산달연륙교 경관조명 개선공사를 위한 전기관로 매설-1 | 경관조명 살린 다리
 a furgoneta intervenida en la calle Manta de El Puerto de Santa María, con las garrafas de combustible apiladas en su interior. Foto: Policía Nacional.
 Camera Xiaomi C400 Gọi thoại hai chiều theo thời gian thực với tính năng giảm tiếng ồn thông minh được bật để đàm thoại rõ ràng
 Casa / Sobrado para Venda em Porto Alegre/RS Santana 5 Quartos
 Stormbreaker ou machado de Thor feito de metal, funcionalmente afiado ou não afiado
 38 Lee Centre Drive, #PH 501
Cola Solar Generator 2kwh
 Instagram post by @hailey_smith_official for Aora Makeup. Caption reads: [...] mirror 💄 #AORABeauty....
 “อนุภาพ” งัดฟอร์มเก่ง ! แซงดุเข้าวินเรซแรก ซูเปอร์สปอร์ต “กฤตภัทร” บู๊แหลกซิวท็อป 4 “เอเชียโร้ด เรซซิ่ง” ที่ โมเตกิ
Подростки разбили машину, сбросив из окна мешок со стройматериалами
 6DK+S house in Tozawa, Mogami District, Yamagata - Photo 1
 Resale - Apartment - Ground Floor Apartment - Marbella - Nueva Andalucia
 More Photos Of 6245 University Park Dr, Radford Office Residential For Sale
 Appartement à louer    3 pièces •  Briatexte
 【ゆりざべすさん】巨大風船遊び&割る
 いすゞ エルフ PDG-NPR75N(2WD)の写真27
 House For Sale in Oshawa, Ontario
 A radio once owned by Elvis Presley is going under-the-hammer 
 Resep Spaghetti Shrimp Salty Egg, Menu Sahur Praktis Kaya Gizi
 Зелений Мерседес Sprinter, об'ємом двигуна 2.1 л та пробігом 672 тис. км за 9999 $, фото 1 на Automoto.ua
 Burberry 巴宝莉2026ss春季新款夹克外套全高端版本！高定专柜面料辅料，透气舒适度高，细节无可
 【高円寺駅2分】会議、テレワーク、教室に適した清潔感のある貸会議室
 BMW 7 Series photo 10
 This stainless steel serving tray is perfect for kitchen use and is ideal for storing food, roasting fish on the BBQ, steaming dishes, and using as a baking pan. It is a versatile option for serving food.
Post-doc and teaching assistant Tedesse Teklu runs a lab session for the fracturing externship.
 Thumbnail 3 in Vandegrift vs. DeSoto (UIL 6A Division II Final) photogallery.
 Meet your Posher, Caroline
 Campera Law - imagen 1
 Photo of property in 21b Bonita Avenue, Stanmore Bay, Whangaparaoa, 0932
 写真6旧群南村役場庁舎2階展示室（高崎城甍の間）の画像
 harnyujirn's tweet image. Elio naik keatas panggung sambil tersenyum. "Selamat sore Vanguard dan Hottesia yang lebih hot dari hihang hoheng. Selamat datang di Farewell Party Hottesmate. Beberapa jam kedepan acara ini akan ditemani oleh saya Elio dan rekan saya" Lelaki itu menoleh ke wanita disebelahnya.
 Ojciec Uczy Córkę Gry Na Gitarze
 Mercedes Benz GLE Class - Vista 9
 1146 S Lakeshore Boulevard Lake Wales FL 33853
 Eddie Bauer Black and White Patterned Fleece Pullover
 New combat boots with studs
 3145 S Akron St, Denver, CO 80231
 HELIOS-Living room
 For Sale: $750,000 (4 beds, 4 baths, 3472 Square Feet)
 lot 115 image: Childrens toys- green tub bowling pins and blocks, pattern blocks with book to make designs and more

----

#### What to do
Please print the lines from the start of the records up to and including the line with "Cola Solar Generator 2kwh", copying each one exactly and leaving out the rest.

#### Result
산달연륙교 경관조명 개선공사를 위한 전기관로 매설-1 | 경관조명 살린 다리
 a furgoneta intervenida en la calle Manta de El Puerto de Santa María, con las garrafas de combustible apiladas en su interior. Foto: Policía Nacional.
 Camera Xiaomi C400 Gọi thoại hai chiều theo thời gian thực với tính năng giảm tiếng ồn thông minh được bật để đàm thoại rõ ràng
 Casa / Sobrado para Venda em Porto Alegre/RS Santana 5 Quartos
 Stormbreaker ou machado de Thor feito de metal, funcionalmente afiado ou não afiado
 38 Lee Centre Drive, #PH 501
Cola Solar Generator 2kwh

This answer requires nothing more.